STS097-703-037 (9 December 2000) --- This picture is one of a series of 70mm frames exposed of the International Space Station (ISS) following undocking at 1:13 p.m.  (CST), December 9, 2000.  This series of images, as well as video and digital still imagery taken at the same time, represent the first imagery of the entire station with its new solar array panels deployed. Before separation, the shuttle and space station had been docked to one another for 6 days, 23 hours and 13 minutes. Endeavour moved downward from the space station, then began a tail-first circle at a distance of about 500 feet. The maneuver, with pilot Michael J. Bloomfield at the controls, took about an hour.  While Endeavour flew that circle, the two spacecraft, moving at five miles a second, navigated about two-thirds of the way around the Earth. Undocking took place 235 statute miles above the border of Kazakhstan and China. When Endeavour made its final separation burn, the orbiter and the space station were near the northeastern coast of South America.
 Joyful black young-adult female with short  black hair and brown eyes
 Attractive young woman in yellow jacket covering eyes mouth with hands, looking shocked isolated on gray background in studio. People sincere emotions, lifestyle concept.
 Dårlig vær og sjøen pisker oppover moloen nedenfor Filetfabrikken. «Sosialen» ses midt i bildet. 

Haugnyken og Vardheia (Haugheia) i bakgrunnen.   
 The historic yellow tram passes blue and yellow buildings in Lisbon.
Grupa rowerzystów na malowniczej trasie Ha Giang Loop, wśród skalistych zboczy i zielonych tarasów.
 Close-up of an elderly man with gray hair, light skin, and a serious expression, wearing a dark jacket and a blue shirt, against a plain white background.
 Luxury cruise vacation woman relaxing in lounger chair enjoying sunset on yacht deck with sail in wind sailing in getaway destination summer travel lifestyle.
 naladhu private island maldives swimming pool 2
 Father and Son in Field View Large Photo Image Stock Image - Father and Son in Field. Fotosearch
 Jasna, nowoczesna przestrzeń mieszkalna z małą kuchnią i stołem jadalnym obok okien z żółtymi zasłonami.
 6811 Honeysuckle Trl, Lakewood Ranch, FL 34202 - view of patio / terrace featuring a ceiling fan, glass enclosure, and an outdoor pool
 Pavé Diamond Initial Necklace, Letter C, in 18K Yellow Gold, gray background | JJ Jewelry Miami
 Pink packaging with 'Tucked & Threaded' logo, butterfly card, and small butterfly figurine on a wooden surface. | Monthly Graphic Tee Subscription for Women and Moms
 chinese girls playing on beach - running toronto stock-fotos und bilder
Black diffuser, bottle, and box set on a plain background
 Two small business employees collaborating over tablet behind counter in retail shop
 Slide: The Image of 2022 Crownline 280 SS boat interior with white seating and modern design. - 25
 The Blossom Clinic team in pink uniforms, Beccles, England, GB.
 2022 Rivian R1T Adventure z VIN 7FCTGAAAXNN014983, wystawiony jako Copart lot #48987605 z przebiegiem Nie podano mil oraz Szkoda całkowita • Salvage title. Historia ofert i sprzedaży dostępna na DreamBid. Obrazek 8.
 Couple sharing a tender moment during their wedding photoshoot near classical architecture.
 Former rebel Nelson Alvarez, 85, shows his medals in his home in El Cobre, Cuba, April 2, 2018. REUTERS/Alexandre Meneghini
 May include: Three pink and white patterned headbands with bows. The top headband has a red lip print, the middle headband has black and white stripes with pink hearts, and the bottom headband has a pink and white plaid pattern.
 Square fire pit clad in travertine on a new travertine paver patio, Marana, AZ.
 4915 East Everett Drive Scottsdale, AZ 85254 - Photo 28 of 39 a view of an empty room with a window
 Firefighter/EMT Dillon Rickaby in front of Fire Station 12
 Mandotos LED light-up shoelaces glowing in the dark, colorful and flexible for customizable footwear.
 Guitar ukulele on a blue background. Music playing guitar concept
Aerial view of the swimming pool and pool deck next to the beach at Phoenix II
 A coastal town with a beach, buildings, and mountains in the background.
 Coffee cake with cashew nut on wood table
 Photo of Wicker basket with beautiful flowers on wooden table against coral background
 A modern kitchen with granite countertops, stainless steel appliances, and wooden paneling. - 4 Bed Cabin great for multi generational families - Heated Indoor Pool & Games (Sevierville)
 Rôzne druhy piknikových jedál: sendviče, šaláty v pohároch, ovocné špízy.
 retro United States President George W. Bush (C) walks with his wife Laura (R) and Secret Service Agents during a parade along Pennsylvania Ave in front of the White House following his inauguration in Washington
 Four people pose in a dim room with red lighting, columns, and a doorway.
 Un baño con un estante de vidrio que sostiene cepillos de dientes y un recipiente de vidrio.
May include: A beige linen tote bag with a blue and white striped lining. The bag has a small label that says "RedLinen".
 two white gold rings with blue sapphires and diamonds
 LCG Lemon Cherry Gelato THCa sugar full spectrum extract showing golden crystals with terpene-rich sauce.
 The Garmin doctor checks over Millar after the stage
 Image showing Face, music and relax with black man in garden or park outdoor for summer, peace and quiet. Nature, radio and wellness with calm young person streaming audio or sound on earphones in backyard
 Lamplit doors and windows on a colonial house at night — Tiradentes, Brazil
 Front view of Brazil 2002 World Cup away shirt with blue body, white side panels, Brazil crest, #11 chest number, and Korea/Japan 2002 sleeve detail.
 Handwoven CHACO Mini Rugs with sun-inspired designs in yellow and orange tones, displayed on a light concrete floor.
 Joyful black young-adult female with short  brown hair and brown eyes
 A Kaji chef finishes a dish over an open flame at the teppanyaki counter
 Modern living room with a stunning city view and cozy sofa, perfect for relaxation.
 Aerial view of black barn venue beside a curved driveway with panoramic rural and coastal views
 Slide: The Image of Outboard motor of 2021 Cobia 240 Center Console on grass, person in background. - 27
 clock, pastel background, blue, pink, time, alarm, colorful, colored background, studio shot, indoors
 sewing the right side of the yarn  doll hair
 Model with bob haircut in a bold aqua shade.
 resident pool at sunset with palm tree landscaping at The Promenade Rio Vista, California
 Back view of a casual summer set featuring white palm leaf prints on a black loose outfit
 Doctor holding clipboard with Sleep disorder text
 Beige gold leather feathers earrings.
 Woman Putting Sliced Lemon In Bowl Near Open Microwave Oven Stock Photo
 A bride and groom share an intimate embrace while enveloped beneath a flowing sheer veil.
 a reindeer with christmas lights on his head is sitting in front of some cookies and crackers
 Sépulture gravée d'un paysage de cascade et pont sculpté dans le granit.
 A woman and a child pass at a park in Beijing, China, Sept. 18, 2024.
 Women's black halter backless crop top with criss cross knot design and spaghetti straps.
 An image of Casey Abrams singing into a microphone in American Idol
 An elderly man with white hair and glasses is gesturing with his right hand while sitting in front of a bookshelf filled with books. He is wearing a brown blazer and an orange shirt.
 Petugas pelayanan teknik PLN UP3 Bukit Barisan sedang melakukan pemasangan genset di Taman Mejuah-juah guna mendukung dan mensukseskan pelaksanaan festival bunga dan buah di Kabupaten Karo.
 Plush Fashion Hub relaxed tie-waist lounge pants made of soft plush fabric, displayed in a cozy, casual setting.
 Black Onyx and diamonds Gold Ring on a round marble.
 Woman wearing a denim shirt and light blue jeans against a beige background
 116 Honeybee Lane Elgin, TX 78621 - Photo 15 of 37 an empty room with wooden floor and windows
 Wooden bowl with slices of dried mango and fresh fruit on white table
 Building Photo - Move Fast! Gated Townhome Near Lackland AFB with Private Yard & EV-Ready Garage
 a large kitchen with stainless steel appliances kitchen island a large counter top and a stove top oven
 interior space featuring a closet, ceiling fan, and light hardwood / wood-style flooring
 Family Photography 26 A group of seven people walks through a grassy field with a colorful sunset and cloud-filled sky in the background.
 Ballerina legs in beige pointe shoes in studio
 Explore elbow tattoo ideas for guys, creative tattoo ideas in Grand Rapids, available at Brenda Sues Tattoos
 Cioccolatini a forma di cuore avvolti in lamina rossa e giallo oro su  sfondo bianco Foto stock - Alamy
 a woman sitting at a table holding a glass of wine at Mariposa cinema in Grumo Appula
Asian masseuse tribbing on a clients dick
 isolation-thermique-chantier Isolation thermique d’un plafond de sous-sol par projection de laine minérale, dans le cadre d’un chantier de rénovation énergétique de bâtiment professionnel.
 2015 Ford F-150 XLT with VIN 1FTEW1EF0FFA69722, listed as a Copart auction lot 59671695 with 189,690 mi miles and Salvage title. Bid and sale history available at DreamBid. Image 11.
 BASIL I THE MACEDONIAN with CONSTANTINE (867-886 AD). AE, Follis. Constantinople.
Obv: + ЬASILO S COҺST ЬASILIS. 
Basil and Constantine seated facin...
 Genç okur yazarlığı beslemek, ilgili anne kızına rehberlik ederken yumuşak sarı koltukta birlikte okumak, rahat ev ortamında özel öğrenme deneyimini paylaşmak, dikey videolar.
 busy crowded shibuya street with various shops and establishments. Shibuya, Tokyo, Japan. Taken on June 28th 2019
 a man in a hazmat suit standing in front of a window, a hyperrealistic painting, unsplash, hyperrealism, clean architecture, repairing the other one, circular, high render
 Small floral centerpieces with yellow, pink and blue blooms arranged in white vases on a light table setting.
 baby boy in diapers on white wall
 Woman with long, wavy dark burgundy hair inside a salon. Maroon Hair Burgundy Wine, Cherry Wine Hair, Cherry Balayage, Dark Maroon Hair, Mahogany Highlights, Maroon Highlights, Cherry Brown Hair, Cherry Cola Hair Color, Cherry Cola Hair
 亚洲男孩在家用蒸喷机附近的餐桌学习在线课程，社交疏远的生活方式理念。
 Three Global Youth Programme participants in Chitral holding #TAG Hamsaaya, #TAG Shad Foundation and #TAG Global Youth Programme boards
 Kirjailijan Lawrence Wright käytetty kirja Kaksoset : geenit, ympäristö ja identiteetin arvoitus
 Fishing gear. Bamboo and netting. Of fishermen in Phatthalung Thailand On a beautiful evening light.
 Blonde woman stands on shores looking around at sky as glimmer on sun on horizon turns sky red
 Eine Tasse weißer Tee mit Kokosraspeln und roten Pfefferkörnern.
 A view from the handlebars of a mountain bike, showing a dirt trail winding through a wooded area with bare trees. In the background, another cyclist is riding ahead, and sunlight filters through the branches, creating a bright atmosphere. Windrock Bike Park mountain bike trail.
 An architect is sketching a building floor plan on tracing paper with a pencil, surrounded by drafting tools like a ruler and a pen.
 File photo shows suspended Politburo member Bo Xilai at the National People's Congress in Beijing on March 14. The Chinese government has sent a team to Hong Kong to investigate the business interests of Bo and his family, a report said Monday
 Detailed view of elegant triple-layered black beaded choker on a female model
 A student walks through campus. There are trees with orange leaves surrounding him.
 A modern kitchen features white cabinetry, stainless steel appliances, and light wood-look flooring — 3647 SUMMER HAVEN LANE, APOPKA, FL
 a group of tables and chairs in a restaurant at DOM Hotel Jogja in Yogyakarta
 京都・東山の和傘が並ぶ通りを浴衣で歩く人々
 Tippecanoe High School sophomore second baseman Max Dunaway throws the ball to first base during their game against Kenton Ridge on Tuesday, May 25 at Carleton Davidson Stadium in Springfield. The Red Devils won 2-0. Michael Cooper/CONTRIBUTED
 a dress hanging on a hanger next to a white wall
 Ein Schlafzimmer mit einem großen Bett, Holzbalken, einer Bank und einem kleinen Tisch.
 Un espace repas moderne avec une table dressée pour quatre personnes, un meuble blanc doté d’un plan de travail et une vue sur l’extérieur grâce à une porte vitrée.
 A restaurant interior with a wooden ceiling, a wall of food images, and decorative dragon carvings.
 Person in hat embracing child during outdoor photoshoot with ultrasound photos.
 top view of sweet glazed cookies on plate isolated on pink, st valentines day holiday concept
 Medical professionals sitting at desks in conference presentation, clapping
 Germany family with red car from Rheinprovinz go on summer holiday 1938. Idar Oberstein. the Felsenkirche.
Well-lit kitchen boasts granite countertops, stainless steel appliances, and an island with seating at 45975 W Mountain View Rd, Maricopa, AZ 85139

☆ ☆ ☆ ☆ ☆

Directions for this task - Report the lines above that have the word "beach" in them.

Exercise output -
 chinese girls playing on beach - running toronto stock-fotos und bilder
Aerial view of the swimming pool and pool deck next to the beach at Phoenix II
 A coastal town with a beach, buildings, and mountains in the background.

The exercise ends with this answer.